DHF (dengue haemorrhagic fever) terdapat pada anak dan orang dewasa dengan manifestasi klinis demam, nyeri otot, dan/atau nyeri sendi dan tulang yang disertai leukopenia, ruam, limfadenopati, trombositopenia dan diatesis hemoragik.
Pada DBD terjadi perembesan plasma yang ditandai oleh hemokonsentrasi (peningkatan hematokrit) atau penumpukan cairan di rongga tubuh

II. ETIOLOGI
Demam dengue dan demam berdarah dengue disebabkan oleh virus dengue yang termasuk dalam genus flavi virus keluarga flaviviridae. Terdapat 4 serotipe virus dengue, yaitu DEN 1, DEN 2, DEN 3, DEN 4, yang semuanya dapat menyebabkan demam dengue atau demam berdarah dengue. Keempat serotipe ditemukan di Indonesia dengan DEN 3 merupakan setotipe terbanyak. Serotipe DEN-3 merupakan serotipe yang dominan dan diasumsikan banyak yang menunjukkan manifestasi klinik yang berat. Virus dengue berbentuk batang bersifat termoragil, sensitif terhadap in aktivitas oleh diatiter dan natrium diaksikolat, stabil pada suhu 700C.

III. PATOGENESIS
Terdapat tiga faktor yang memegang peranan pada penularan infeksi virus dengue, yaitu manusia, virus, dan vektor perantara. Virus dengue ditularkan kepada manusia melalui gigitan nyamuk Aedes aegypti. Nyamuk Aedes albopictus, Aedes polynesiensis dan beberapa spesies yang lain dapat juga menularkan virus ini, namun merupakan vektor yang kurang berperan. Nyamuk ini adalah nyamuk rumah yang menggigit pada siang hari. Nyamuk Aedes tersebut dapat mengandung virus dengue pada saat menggigit manusia yang sedang mengalami viremia.
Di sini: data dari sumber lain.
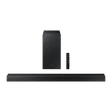 SAMSUNG HW-A450/TL 300W Bluetooth Soundbar with Remote (Bass Boost, 2.1 Channel, Black)_1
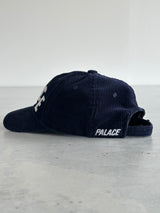 Palace Alas 6 Panel Corduroy Cap (One Size)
Kemudian virus yang berada di kelenjar liur berkembang biak dalam waktu 8-10 hari (extrinsic incubation period) sebelum dapat ditularkan kembali kepada manusia pada saat gigitan berikutnya. Virus dalam tubuh nyamuk betina dapat ditularkan kepada telurnya (transovanan transmission), namun perannya dalam penularan virus tidak penting. Sekali virus dapat masuk dan berkembang biak di dalam tubuh nyamuk, nyamuk tersebut akan dapat menularkan virus selama hidupnya (infektif). Di tubuh manusia, virus memerlukan waktu masa tunas 46 hari (intrinsic incubation period) sebelum menimbulkan penyakit. Penularan dari manusia kepada nyamuk hanya dapat terjadi bila nyamuk menggigit manusia yang sedang mengalami viremia, yaitu 2 hari sebelum panas sampai 5 hari setelah demam timbul.

IV. MANIFESTASI KLINIS
A. Gejala klasik dari demam dengue ialah :
 Demam tinggi mendadak selama 5-7 hari.
 Kadang-kadang bifasik (saddle back fever).
 Nnyeri kepala berat.
 Nyeri belakang bola mata.
 Nyeri otot, tulang, atau sendi.
 Mual, muntah, dan timbulnya ruam.
Ruam berbentuk makulopapular yang bisa timbul pada awal penyakit (1-2 hari ) kemudian menghilang tanpa bekas dan selanjutnya timbul ruam merah halus pada hari ke-6 atau ke7 terutama di daerah kaki, telapak kaki dan tangan. Selain itu, dapat juga ditemukan petekia.
 Diare, konstipasi.
B. Hasil pemeriksaan darah menunjukkan:
 Leukopeni kadang-kadang dijumpai trombositopeni.
 Pada keadaan wabah telah dilaporkan adanya demam dengue yang disertai dengan perdarahan seperti: epistaksis, perdarahan gusi, perdarahan saluran cerna, hematuri, dan menoragi.
 Perdarahan terutama perdarahan bawah kulit, petechie, echimosis, hematoma.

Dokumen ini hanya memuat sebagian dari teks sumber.